Cash remittances reached US$3.17 billion in October 2025, bringing the year-to-date total to US$29.20 billion for January to October, according to BSP data. Personal remittances — which include informal transfers and remittances in kind— rose to US$3.52 billion in October and US$32.49 billion for the first ten months of the year.
The United States continued to account for the largest share of remittance inflows, followed by Singapore and Saudi Arabia, underscoring the scale and complexity of cross-border payment flows that could benefit from more efficient digital rails.
Monetary easing supports liquidity, market confidence

Parallel to its regional engagement, the BSP has also taken steps to ease domestic financial conditions. On December 11, 2025, the Monetary Board cut the target reverse repurchase (RRP) rate by 25 basis points to 4.50 percent, lowering the overnight deposit and lending facility rates to 4.00 percent and 5.00 percent, respectively.
Effective December 15, 2025, peso Discount Window Facility (DWF) rates were adjusted in line with the new overnight lending rate, with loans maturing in 1–90 days priced at 5.6433 percent, and those with 91–180 day tenors at 5.7866 percent.

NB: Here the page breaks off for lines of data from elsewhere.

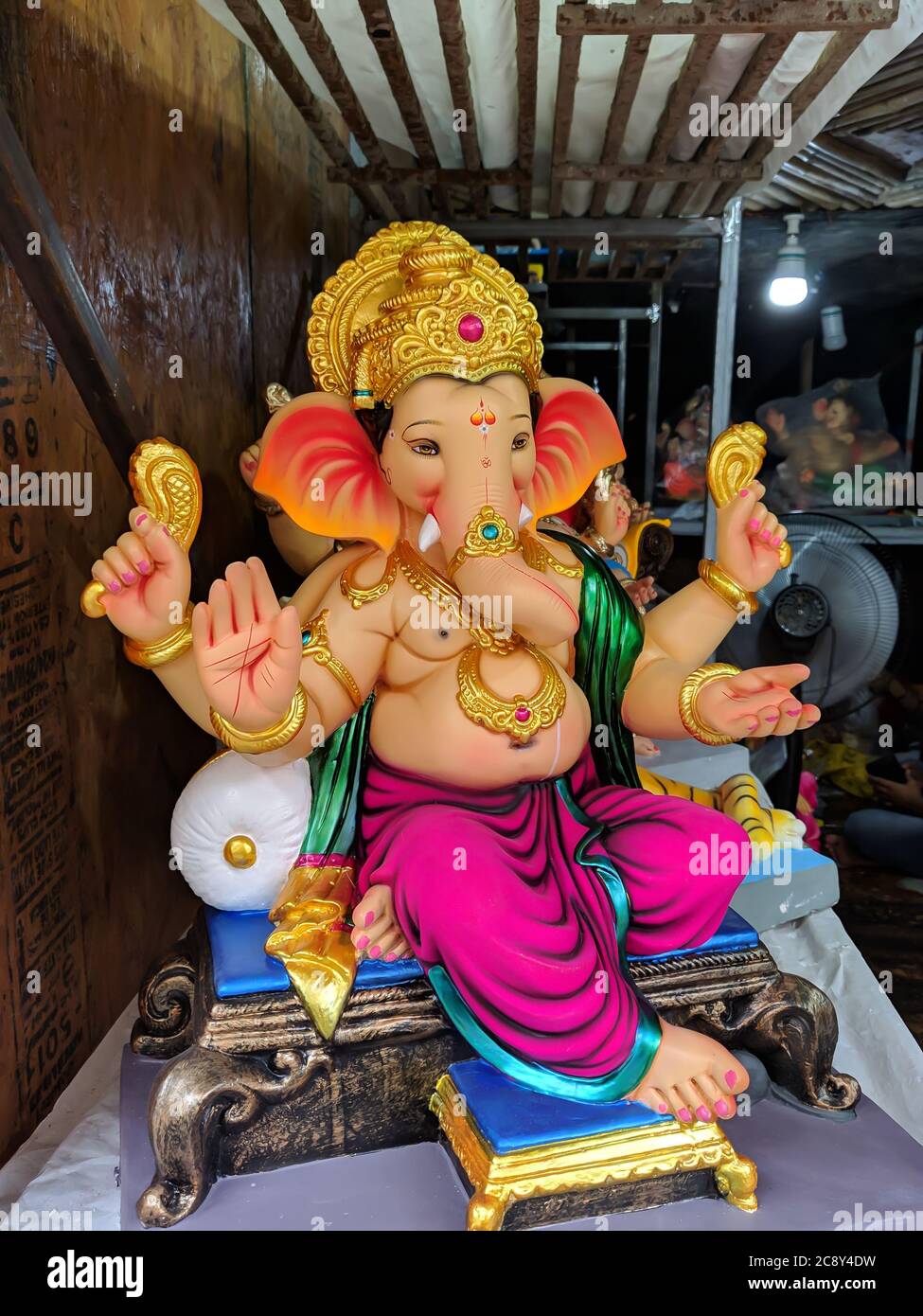 Indian fastival ganeshotsav - lord Ganesha Stock Photo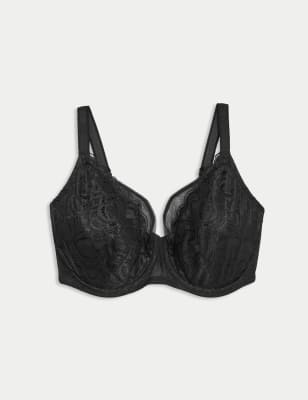 

Womens M&S Collection Amelia Lace Wired Full Cup Bra (F-H) - Black, Black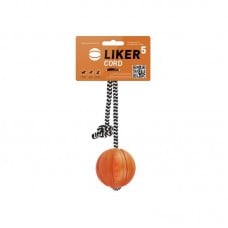 Liker Cord 5 мячик со шнуром для щенков и собак мелких пород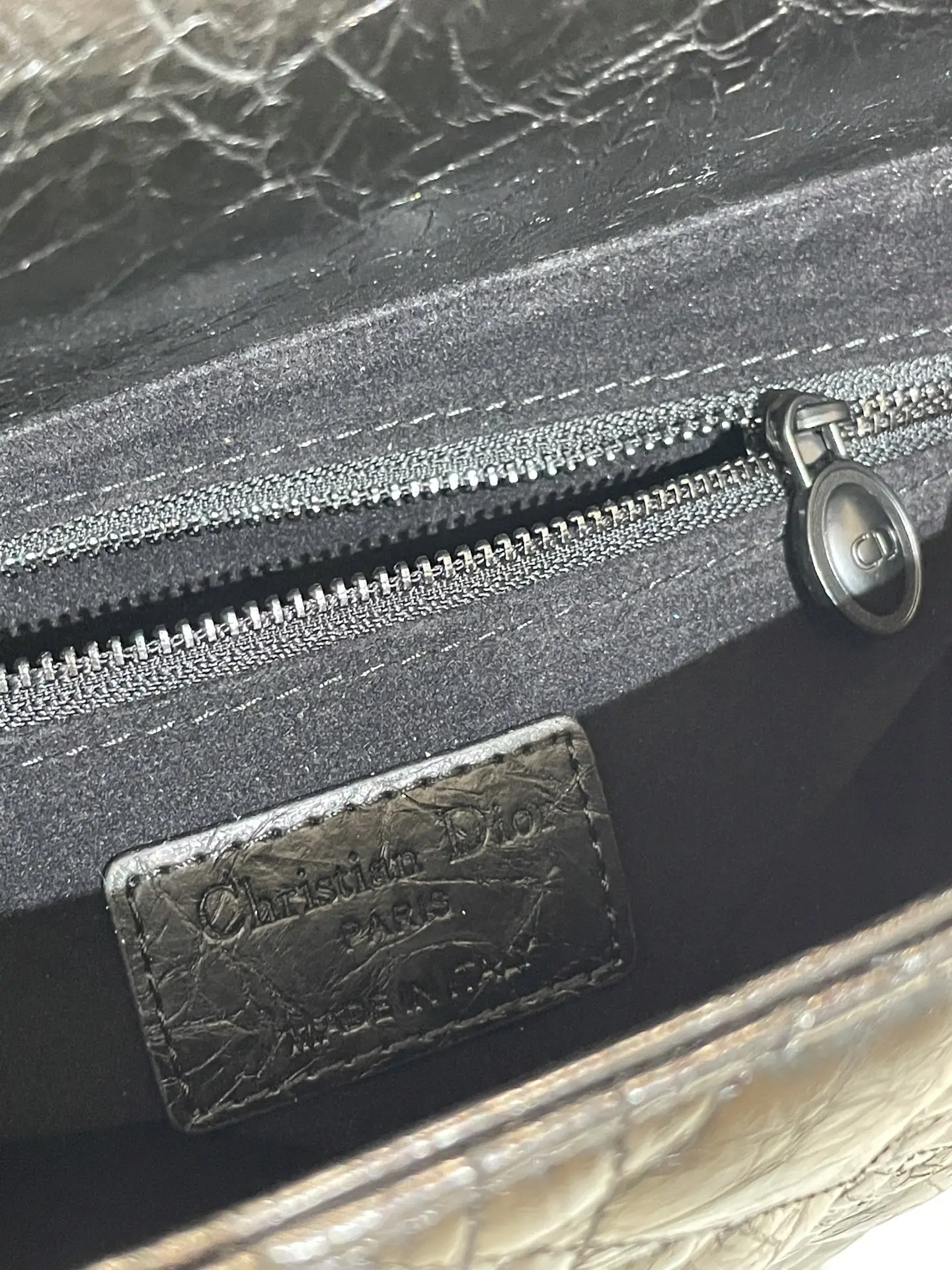 Dior Lady Bag Matte Black Quilted Leather D57016520 — view 8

US dollar and Japanese yen DWF rates were kept unchanged, reflecting prevailing benchmark rates.
The central bank said the applicable spreads on DWF rates may be adjusted over time to align with monetary policy objectives and market interest rate movements — signaling continued flexibility as conditions evolve.
Regional leadership role ahead

Abenoja also represented the BSP at the ASEAN+3 Finance and Central Bank Deputies’ Meeting from 26 to 27 November in Hong Kong, as preparations ramp up for the Philippines to co-chair the ASEAN+3 Finance Process with Japan in 2026.
Taken together, the BSP’s push for capital market reforms, its openness to tokenized cross-border payments, and recent policy rate adjustments reflect a broader strategy: strengthening financial resilience at home while actively shaping the region’s digital and monetary future.
For fintech players, payment providers, and financial institutions, these signals point to a policy environment increasingly supportive of modern payment rails, regional interoperability, and deeper capital markets — areas expected to define the next phase of financial innovation in the Philippines and beyond.